--- DIRECTIONS ---
Which of the lines below contain the string "Classic"? Pull each one out of the data.

--- MATERIAL FOR THIS EXERCISE ---
-------

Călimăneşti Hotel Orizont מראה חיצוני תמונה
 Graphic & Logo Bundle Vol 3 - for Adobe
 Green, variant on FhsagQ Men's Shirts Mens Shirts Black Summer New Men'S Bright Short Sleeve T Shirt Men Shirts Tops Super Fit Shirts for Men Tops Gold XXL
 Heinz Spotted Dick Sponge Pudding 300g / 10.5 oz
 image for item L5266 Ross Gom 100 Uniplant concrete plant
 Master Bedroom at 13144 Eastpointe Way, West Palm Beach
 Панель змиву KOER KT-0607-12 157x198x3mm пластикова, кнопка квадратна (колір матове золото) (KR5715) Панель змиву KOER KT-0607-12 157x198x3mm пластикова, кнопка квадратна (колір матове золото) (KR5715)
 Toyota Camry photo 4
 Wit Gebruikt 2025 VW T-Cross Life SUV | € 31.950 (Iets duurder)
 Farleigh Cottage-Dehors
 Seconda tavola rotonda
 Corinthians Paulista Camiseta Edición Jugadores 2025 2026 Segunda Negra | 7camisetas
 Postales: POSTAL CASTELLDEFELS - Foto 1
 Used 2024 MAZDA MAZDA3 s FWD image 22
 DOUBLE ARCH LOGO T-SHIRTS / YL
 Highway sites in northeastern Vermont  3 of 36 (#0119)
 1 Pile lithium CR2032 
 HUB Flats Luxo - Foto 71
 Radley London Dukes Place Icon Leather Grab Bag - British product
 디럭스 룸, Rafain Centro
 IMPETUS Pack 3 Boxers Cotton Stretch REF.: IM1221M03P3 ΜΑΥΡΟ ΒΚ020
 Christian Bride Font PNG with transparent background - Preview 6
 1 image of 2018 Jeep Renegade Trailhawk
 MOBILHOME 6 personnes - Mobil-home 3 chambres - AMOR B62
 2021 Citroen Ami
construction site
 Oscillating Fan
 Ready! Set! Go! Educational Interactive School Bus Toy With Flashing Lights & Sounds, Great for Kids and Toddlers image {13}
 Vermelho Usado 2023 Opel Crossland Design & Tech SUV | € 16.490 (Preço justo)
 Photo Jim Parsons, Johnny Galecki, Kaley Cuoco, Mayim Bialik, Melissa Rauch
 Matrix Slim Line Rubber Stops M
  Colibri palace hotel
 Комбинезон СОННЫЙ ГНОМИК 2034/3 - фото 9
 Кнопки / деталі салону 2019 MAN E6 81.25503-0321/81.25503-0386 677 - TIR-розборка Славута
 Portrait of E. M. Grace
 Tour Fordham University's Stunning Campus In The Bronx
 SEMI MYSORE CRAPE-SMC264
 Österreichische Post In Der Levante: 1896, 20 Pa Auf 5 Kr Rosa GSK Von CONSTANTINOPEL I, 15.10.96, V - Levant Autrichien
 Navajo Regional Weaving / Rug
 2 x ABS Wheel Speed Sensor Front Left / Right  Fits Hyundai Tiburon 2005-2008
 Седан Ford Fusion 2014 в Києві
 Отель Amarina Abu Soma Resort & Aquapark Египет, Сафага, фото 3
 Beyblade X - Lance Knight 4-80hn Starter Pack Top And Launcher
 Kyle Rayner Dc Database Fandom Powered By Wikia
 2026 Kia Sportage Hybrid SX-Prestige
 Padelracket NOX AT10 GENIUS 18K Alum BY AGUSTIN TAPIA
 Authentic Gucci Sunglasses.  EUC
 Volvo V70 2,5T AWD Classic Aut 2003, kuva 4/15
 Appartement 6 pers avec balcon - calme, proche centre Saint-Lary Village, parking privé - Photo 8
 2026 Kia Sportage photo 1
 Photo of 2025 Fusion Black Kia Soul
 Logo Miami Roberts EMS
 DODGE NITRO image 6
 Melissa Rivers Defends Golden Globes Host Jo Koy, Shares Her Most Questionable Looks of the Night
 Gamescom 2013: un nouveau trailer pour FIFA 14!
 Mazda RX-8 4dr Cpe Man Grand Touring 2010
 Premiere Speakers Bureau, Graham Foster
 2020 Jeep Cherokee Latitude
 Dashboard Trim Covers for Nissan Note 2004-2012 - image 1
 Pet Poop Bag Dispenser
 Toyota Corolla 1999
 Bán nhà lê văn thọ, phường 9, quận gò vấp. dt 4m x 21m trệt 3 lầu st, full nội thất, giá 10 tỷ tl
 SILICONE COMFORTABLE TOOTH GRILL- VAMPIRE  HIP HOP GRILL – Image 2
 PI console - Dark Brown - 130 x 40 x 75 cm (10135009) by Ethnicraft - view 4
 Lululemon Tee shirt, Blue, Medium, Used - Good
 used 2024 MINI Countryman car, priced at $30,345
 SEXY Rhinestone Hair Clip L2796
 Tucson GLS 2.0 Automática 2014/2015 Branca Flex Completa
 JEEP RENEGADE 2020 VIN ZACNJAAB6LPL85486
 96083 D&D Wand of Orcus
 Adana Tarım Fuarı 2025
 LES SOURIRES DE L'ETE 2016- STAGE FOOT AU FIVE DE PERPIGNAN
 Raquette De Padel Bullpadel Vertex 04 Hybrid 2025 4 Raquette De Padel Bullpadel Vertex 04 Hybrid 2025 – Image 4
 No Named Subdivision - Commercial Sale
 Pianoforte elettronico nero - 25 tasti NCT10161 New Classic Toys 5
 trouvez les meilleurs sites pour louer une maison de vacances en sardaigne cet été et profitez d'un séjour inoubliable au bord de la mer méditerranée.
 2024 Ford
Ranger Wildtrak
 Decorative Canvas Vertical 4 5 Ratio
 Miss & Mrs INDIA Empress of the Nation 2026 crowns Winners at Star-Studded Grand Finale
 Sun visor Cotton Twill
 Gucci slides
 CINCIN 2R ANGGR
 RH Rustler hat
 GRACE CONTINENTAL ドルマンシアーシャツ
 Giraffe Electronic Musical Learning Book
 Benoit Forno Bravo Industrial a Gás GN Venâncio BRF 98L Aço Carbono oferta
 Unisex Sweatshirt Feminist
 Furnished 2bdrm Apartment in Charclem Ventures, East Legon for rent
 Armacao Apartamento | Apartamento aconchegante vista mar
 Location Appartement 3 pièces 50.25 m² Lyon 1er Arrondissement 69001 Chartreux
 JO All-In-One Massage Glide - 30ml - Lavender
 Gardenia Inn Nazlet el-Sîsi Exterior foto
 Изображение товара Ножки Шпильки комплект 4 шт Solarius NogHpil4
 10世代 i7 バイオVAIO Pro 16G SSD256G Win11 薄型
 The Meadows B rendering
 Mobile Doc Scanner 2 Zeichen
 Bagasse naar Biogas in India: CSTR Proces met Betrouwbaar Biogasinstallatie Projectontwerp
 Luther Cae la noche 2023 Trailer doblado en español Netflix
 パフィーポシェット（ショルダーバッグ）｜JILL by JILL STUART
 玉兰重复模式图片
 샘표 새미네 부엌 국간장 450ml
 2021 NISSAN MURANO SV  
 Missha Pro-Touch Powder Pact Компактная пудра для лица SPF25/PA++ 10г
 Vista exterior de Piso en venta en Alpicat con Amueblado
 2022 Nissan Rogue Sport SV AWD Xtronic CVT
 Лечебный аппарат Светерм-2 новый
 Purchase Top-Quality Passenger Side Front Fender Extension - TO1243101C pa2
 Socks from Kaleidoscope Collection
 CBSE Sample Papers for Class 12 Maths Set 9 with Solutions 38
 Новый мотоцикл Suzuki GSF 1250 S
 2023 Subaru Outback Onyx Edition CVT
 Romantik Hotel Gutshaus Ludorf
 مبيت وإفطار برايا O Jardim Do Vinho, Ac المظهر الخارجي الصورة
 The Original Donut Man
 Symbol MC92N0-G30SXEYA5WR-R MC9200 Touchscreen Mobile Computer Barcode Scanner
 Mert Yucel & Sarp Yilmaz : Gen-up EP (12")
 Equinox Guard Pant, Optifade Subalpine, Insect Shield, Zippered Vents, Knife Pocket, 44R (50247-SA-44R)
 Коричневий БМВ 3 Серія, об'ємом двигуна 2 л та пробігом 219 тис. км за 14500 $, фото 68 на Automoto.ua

-------

--- RESULT FOR THIS TASK ---
 Volvo V70 2,5T AWD Classic Aut 2003, kuva 4/15
 Pianoforte elettronico nero - 25 tasti NCT10161 New Classic Toys 5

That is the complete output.